On August 15, 2005, the trial judge conducted a sentencing hearing and imposed the agreed-upon sentence of seventeen years’ imprisonment. This sentence represented, as in the plea agreement, ten years for manslaughter and three years for the firearm specification, plus four years for having a weapon under a disability. The judge subsequently stated that “I have given you in Count I [the manslaughter count] the maximum sentence, because I find that you possess the greatest likelihood of future crime.” Finally, the trial judge stated that “You do have certain rights to appeal, Mr. Butler. You can appeal anything in this case that you want to. If you can’t afford an attorney, one will be provided for you at no cost.”

Butler appealed. He argued that the imposition of a maximum sentence was contrary to Blakely v. Washington, 542 U.S. 296, 124 S.Ct. 2581, 159 L.Ed.2d 408 (2004), because it required judicial fact-finding beyond those facts he specifically admitted. Butler also argued that, because his rights under Blakely were never explained to him, he did not enter into the plea knowingly or voluntarily. The Ohio Court of Appeals affirmed the trial court along the following lines:

Even after the release of State v. Foster, [109 Ohio St.3d 1, 845 N.E.2d 470 (2006) ], a sentence like Butler’s “that is authorized by law, recommended jointly by defense and prosecution, and imposed by the sentencing judge is not subject to review.” State v. Mathis, [109 Ohio St.3d 54, 846 N.E.2d 1 (2006) ], at ¶ 24[.] Although R.C. 2953.08(D) forecloses review of an agreed sentence, appellate review of the trial court’s compliance with the dictates of Crim.R. 11(C) is still proper. The record reflects that the trial court, pursuant to Crim.R. 11(C), ensured that Butler’s plea was made knowingly and voluntarily. We, therefore, ... affirm the judgment of the trial court.

Butler then sought leave to appeal to the Ohio Supreme Court but was denied.

Butler subsequently filed a habeas petition in federal court. He argued, inter alia, that his sentence violated Blakely, that he was ineffectively advised by counsel about Blakely, and that the Ohio Court of Appeals’s refusal to consider his claim pursuant to Ohio Revised Code § 2953.08(D) violated his due process and equal protection rights. A United States Magistrate Judge issued a Report and Recommendation (“R & R”), which recommended denying all of Butler’s asserted grounds of relief. Butler filed objections to the R & R. The district court subsequently adopted the R & R in its entirety and denied Butler’s habeas petition. Butler v. Warden, Lebanon Corr. Inst., No. 1:08cv1, 2009 WL 4250028 (S.D.Ohio Nov. 23, 2009).

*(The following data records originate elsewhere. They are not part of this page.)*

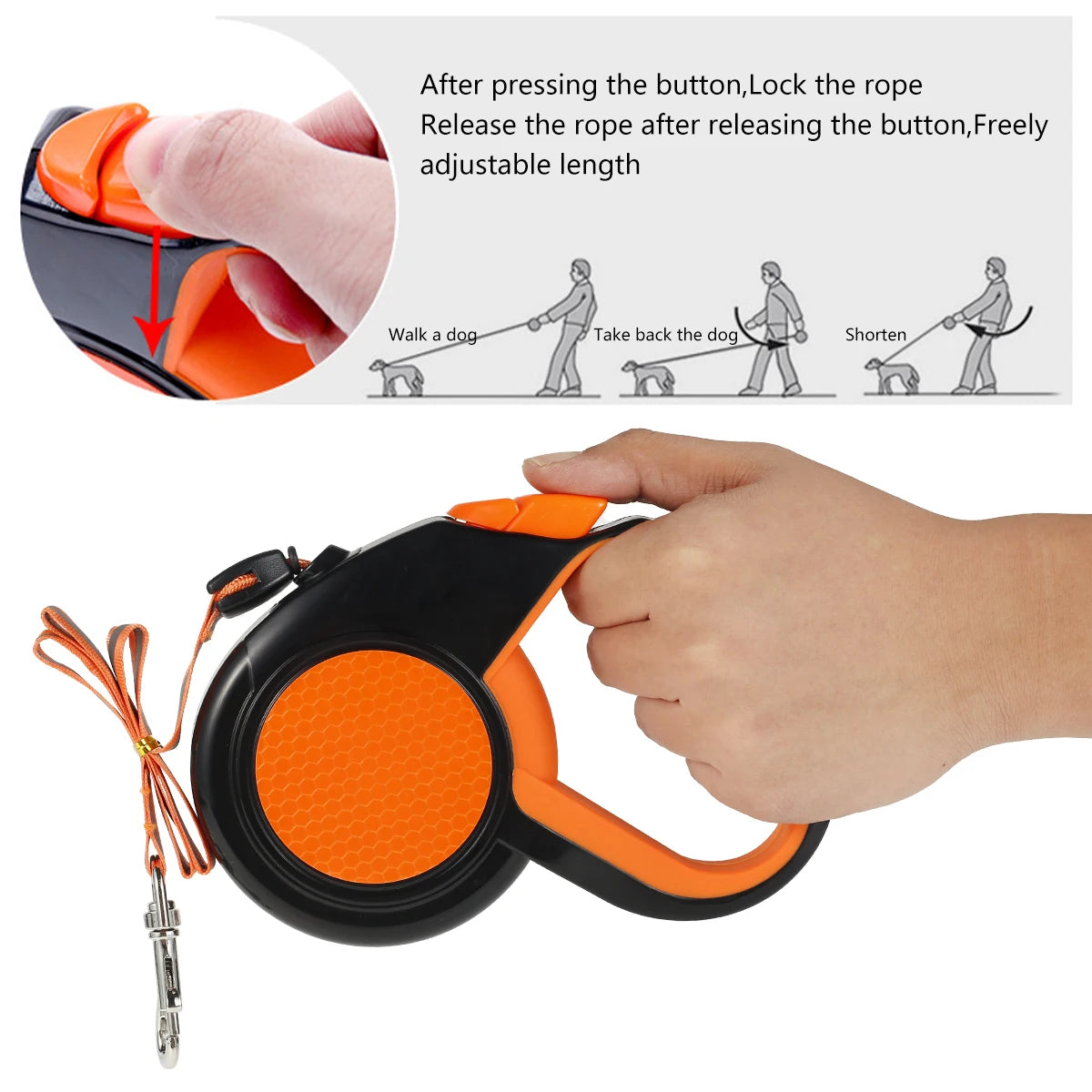 26' Retractable Dog Lead Heavy Duty with Strong Reflective Tape Non-Slip Handle for Small Medium Large Dogs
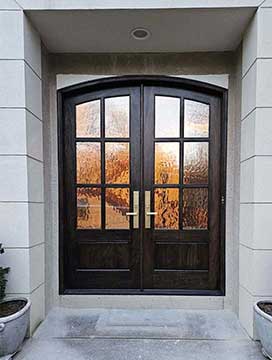 Whitehawk exterior double doors with decorative glass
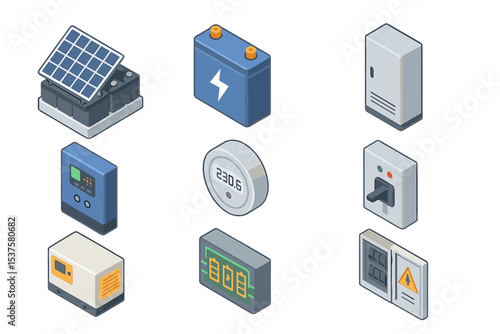 Energy Storage Icons. Isometric Flat icon set of energy storage integration: solar battery bank, lithium-ion battery, battery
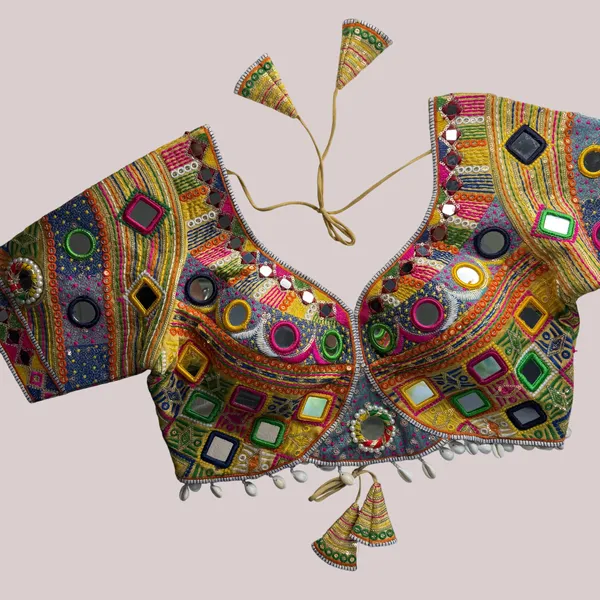 Gold_Italian_Silk_Embroidered_Stitched_Navaratri_Blouse_|_For_Women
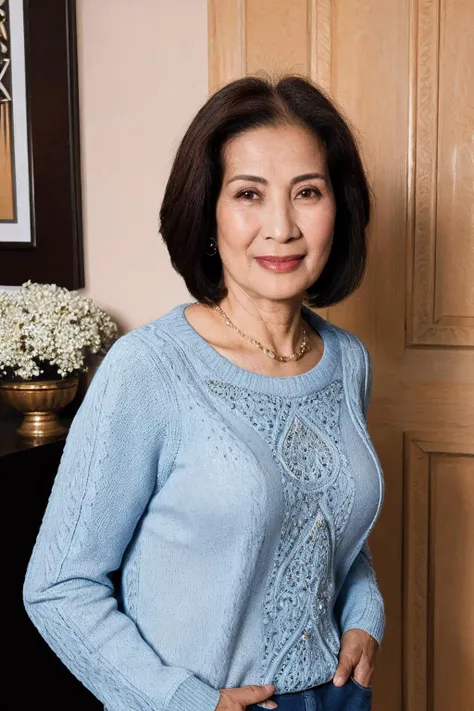 <lora:KimAnh:0.8>, medium close up shot, realistic photo of kimanh, a mature [asian:15] woman, fair skin, wearing a sweater, wearing jeans, standing, simple background, looking at the camera, (masterpiece:1.0), (best quality:1.0), beautiful, (intricate details), unity 8k wallpaper, ultra detailed, flash photography, candid photo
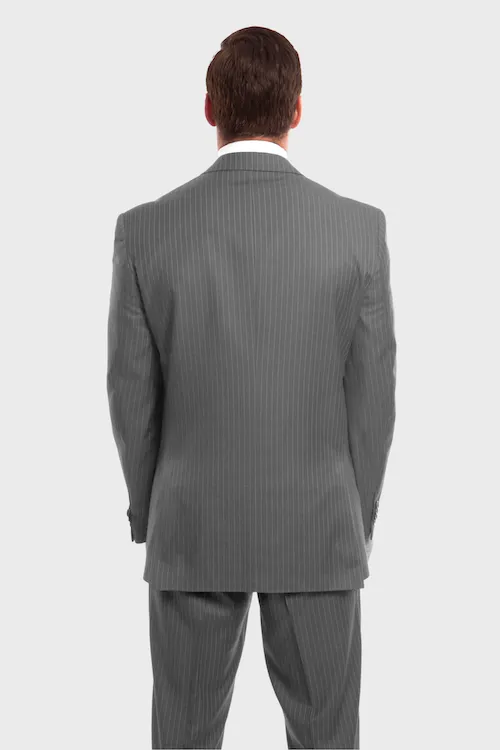 Light Grey Pinstripe Modern Fit 3 Piece Suit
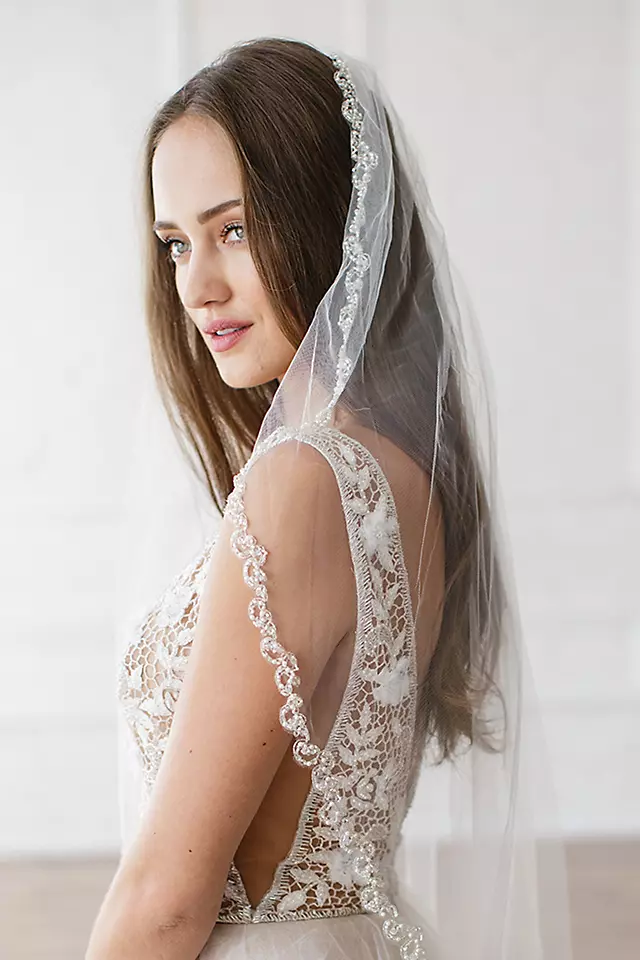 Crystal and Bead Tulle Veil with Comb Image 2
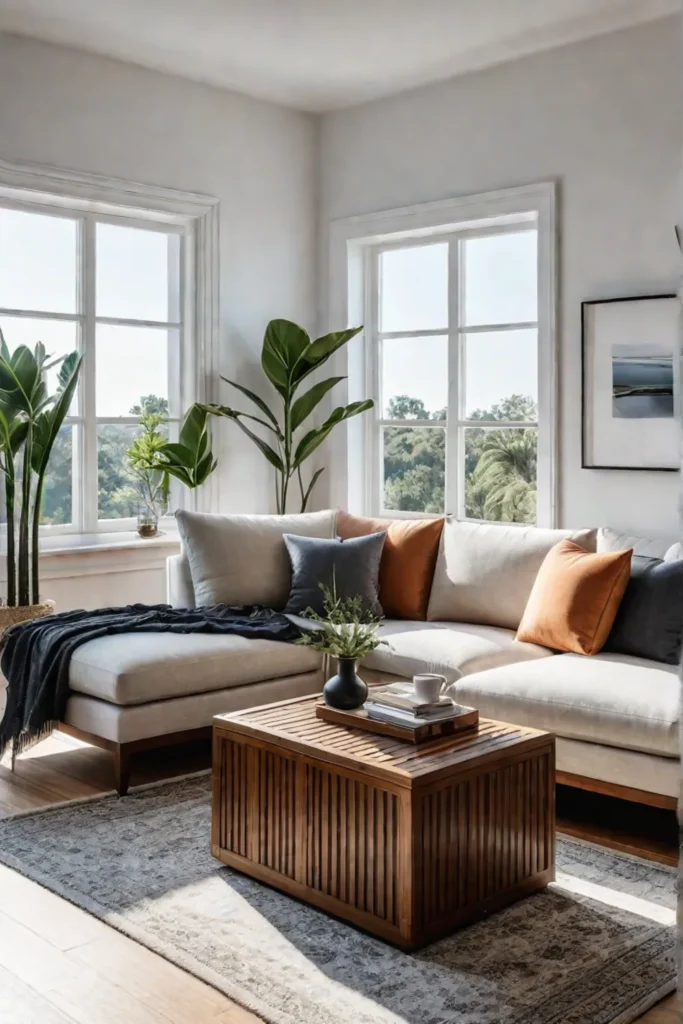 Bright and airy small living room with sofa bed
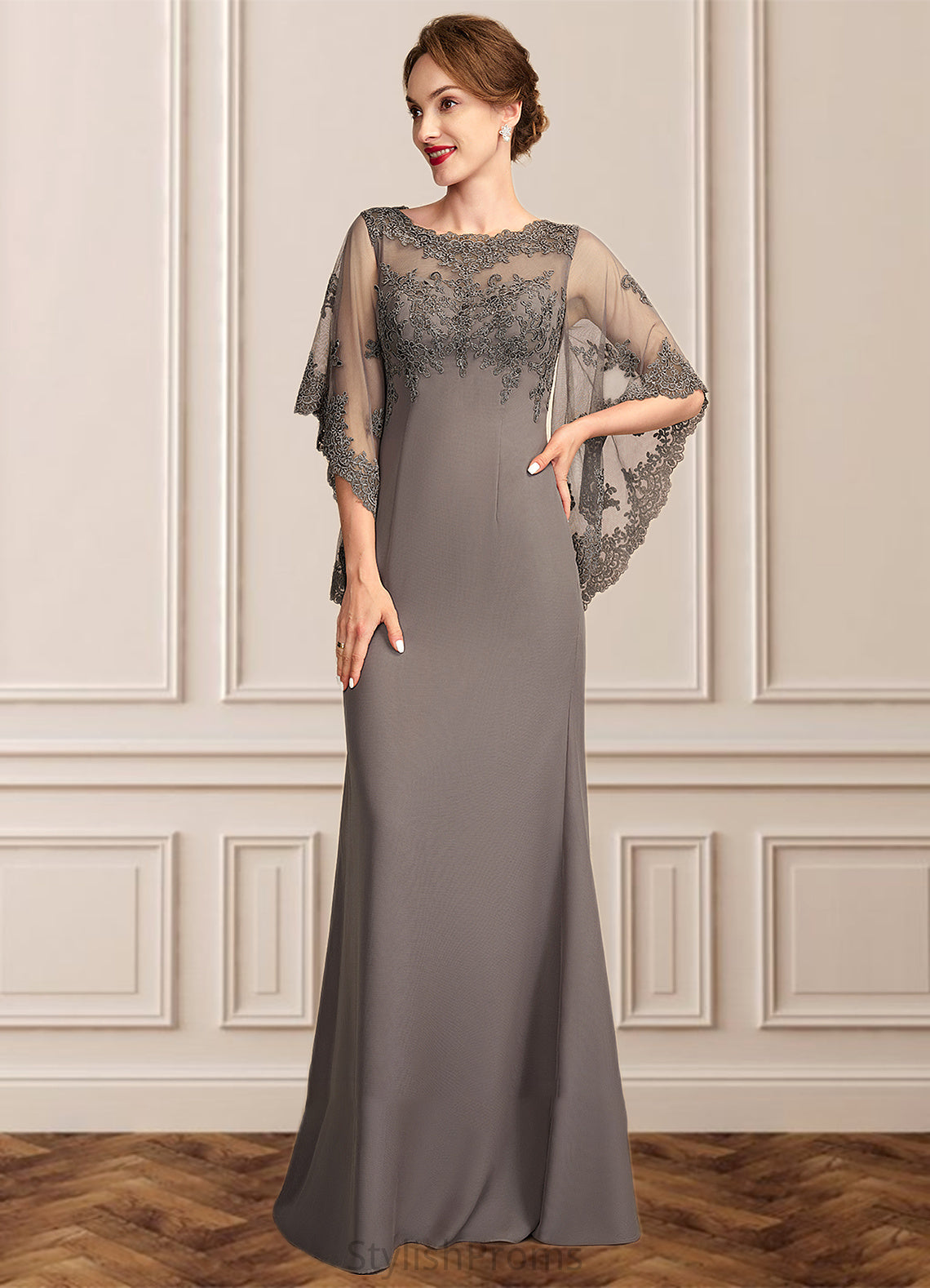 Isla Sheath/Column Scoop Neck Floor-Length Chiffon Lace Mother of the Bride Dress HQ126P0014996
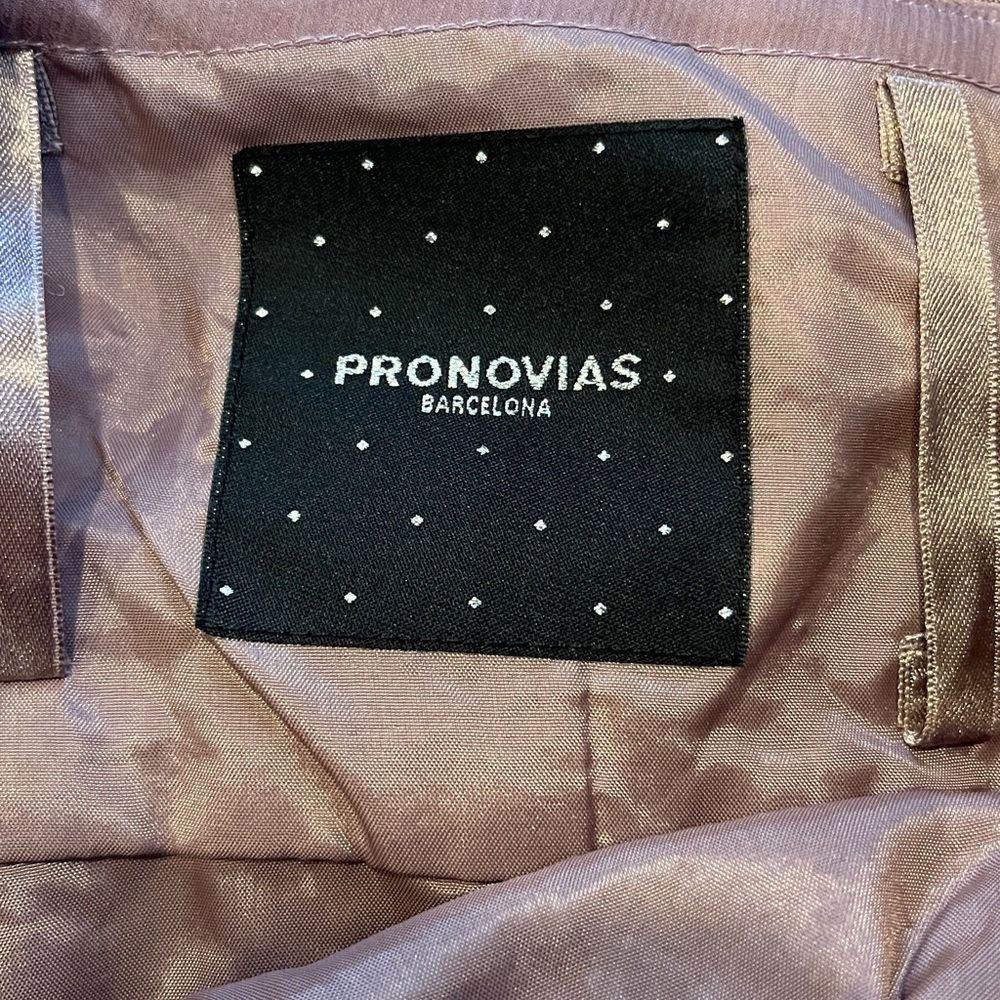🥑Pronovias Beaded Full-Length One Shoulder Chiffon Dress | Evening Gown Wedding - Picture 11 of 12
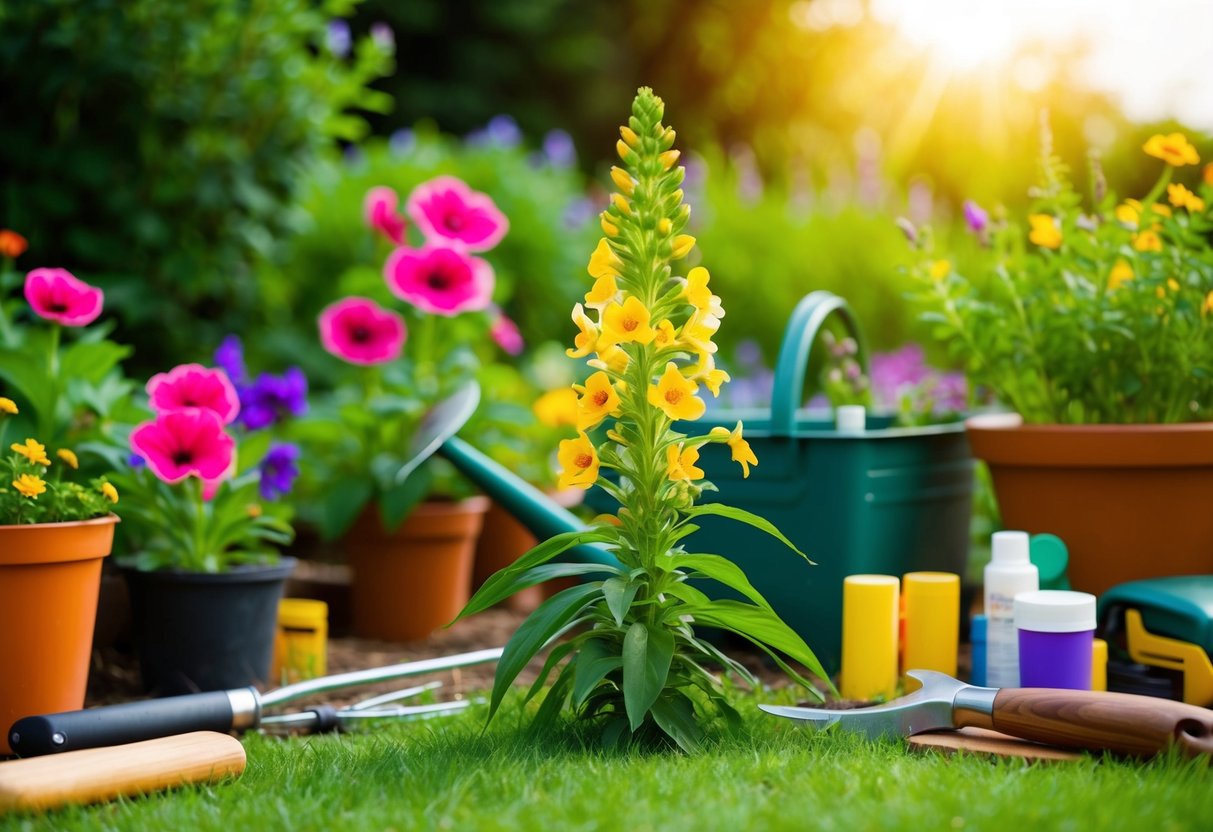 A vibrant perennial flower rapidly grows tall and blooms in a well-tended garden, surrounded by carefully placed gardening tools and plant care products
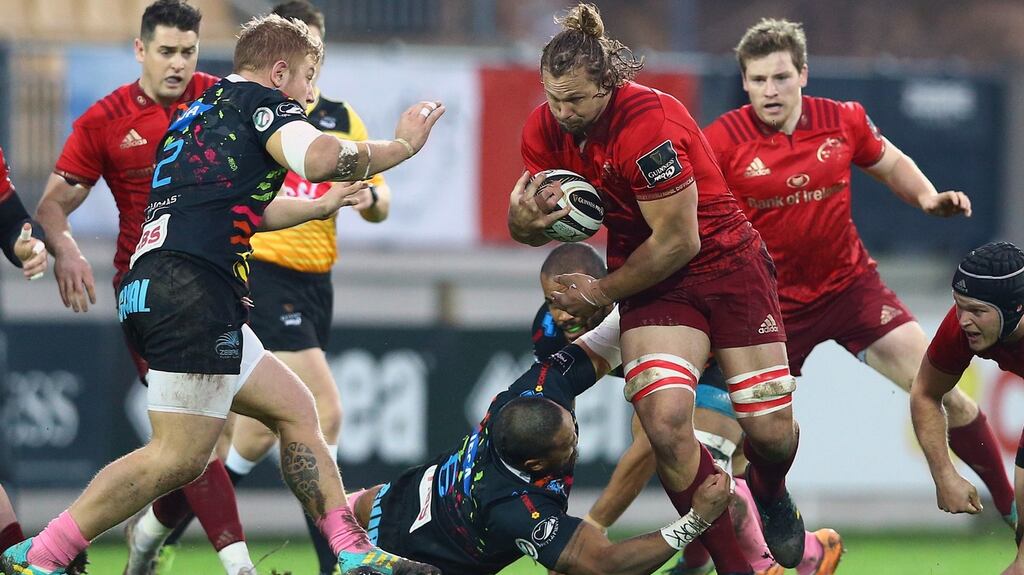 Munster’s Arno Botha drives forward against Zebre last week. Photograph: Matteo Ciambelli /Inpho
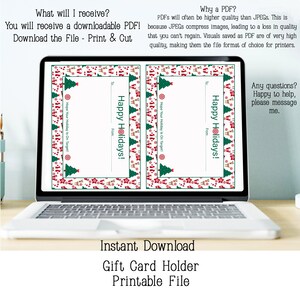 Printable Christmas Gift Card Holder Happy Holidays Card - Etsy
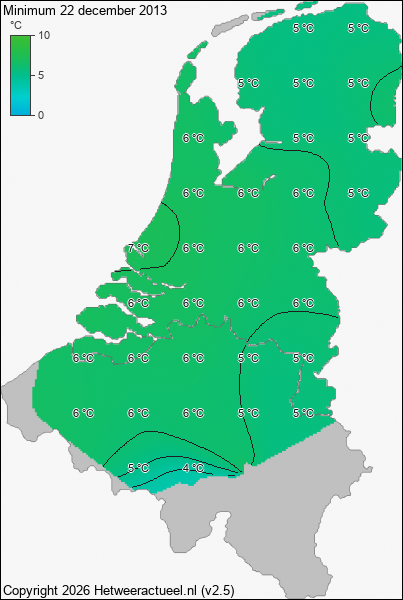 Minimum temperatuur 22 december 2013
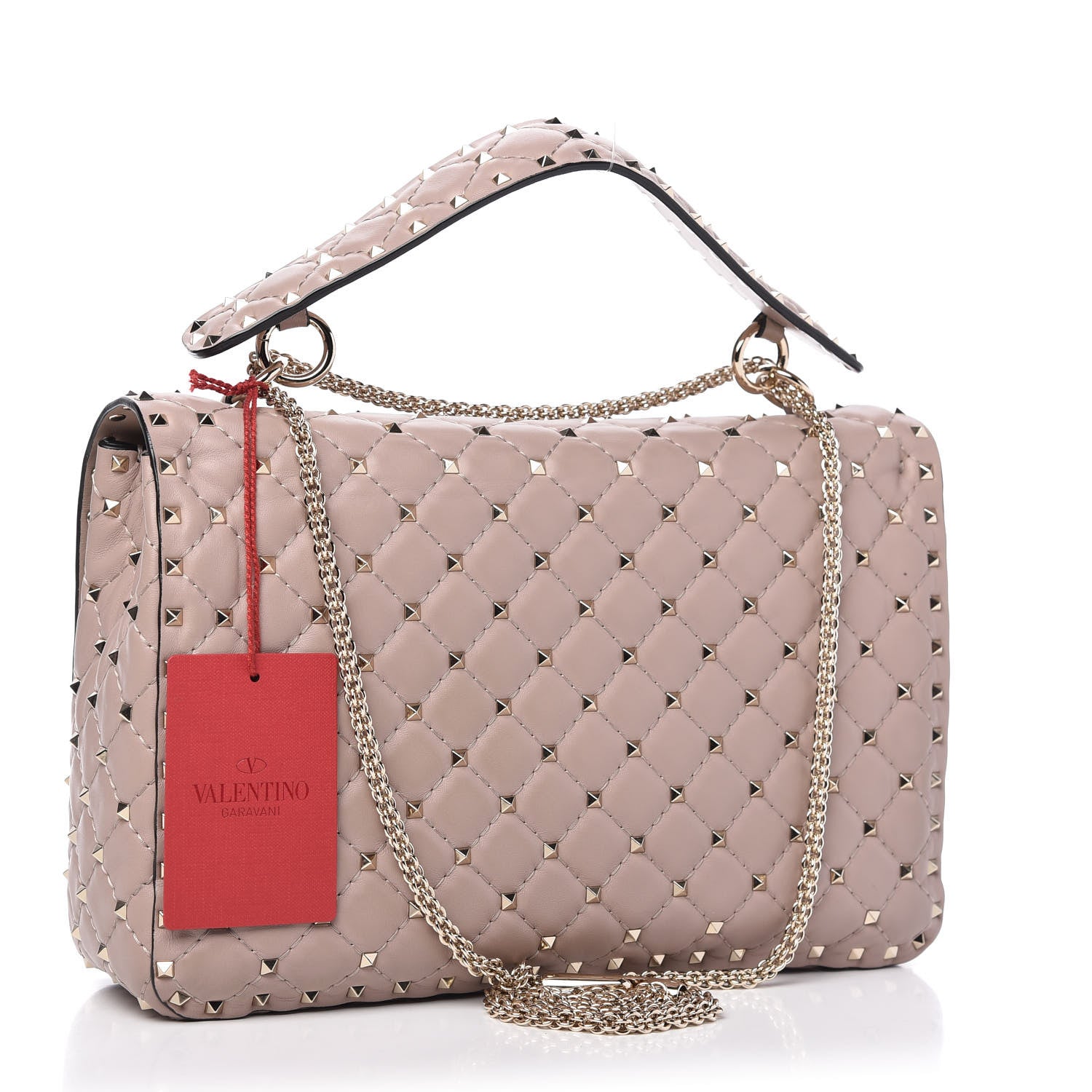 Valentino Garavani Nappa Large Rockstud Spike Shoulder Bag Poudre 3 of 9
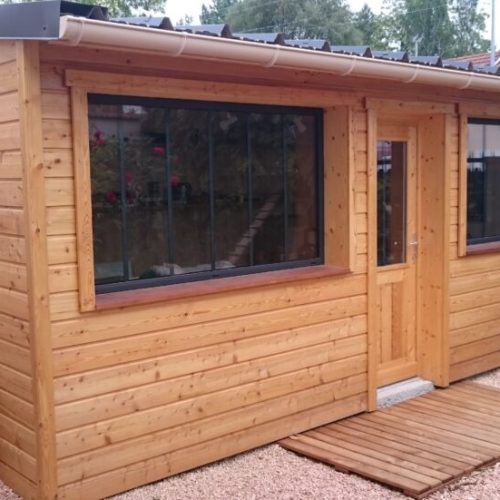 Abris de jardin bardage Mélèze couverture bac acier à Vichy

Butler then appealed. We granted a certificate of appealability with respect to two issues: (1) whether Butler’s non-minimum sentences were imposed in violation of the Sixth Amendment and Blakely; and (2) whether the Ohio Court of Appeals violated Butler’s due process and equal protection rights by refusing to review the allegedly illegal sentences pursuant to Ohio Revised Code § 2953.08(D).

II.

Because the Antiterrorism and Effective Death Penalty Act (“AEDPA”) governs *105 this case, we review de novo the district court’s conclusions on issues of law and on mixed questions of law and fact. Montgomery v. Bobby, 654 F.3d 668, 676 (6th Cir.2011) (en banc). We also review the district court’s factual findings de novo, as the district court did not conduct an evidentiary hearing and relied solely upon the state court record. See Matthews v. Ishee, 486 F.3d 883, 889 (6th Cir.2007).